YM: “Just as you said, Mapulanga, we young ones play cards only. It is for beer as you said- that’s where the money finishes. That’s where it finishes. That’s were it finishes father, on beer, these days, if you are not careful, you will be suffering and you will be dying without seeing anything at all. Eee, the things I am telling you today young ones, are the true things.”

E: “This money, Mapulanga, money it is no longer money whether one has ten pound notes [reference to colonial era currency], if he takes one pound out, that’s all, he has finished it. He has finished it! He has finished it! Do you think I am lying when I talk like that?”

YM: “No father, it is not… lying. We young ones…, no, you probably got rich long ago.”

E: “We of long ago were going well, you of these days, you- you only walk about [i.e. don’t work, just loaf around]. Ee, that how you walk, you of these days. You will see nothing at all. That is true you have spoken truly. My inlaw Josai are you listening?”

YM: “I have heard.”

E: “What is it that Mapulanga has said?”

YM: “What the old man has spoken is true, we only go drinking beer, whether you get two tens of pounds- you only finish it.”

E: “Ee, he speaks truly this Mapulanga.”

YM: “That is all the news I know.”

YM: “He was killing very little fish, killing little fish and he was preserving them, but we if you get then pounds, it is for beer only, it goes for beer or cards and it is finished, you talk well Mapulanga. The ancients were doing well.”

E: “We were doing well long ago.”

YM: “You speak well Mapulanga, I have also appreciated it, me who is Josai Moonga. You have spoken well, Mapulanga.”

E: “We suffered young ones, we suffered terribly and on certain occasions it made us sleep in this sand, in mud, in Namulamfwe all over, we suffered in all these rivers in Chizubo, yes, in Chigaga, in Mainde, all these are the rivers that we caught fish, spearing one by one, sometimes you finished a hundred. That is how we were spearing them, when ever it enters you speakr one by one by one and you put it into the canoe until you make up a hundred.”

R: “In what where you spearing them?”

E: “In yes, Nampongwe, the same one.”

R: “How did you see them in the water?”

E: “They were visible in the water- we were covering.”

YM: “What were you covering?”

YM: “Really Josai, it is dead there.”

YM: “A blanket, spreading it over the water. Spreading it over a mat, then you go under its shade so that you spear one by one and put it in the boat, you spear one by one and you put in the boat.”

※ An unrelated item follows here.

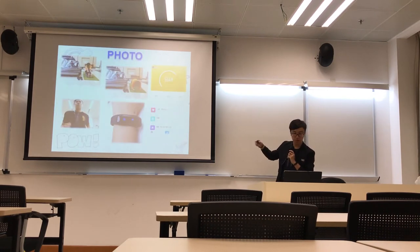This is the photo, and also another photo.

R: ”Are they visible in the water?”

YM: “The fish are also visible.”

R: “Where is the blanket and the mat resting?”

YM: “It rests on sticks, you make them criss-cross on supports. Then you put a mat, over it you put a blanket, then you can see under the water.”

R: “So you can see through the water then?”

YM: “Then you kneel.”

E: ‘That, Josai, must be it because when we look in water, what prevents us from seeing the fish is the sun. Yes, once you cut off the glare of the sun, the fish become visible. I think that is the reasoning they used. Do you think Josai we of these days can do that?”

YM: “Aaa none can do that. I also believe that this thing can happen, if you are in a canoe and happen to look under the canoe you find that anything that passess there you will be able to see it—when the glare of the sun is cut off by the canoe. Hmmm, you can see everything under water.”

E: “Don’t you know that bird that does like this (demonstrating). The reason why that bird does that, why it covers itself is to do the same as the old Mapulanda used to do- the Katembo of Nakooze. Yes of Nakooze yes in the village of the old man of Haatembo, the people who pull canoes. Yes that is where we end, father, we are the one who is Mapulanga Nakooze, who lives in Haatembo, he is Mapulanga Nakooze- of those rich people. My other name is Mbeza, the doer of things.”

YM: “He is the doer of things.”

E: “I am Shankombo- I am Kupola, I am Shikongwa Makondo (he who can not be frightened in battles).”

YM: “He who went to the western side of Bweengwa.”

E: “Me who reached the western side of Bweengwa.”

YM: “Yes, that’s where we end, me who is speaking, I am Dimas of Museka- I am Dimas Kambalanje.”

YM: “Of Museka- where they laugh at table!”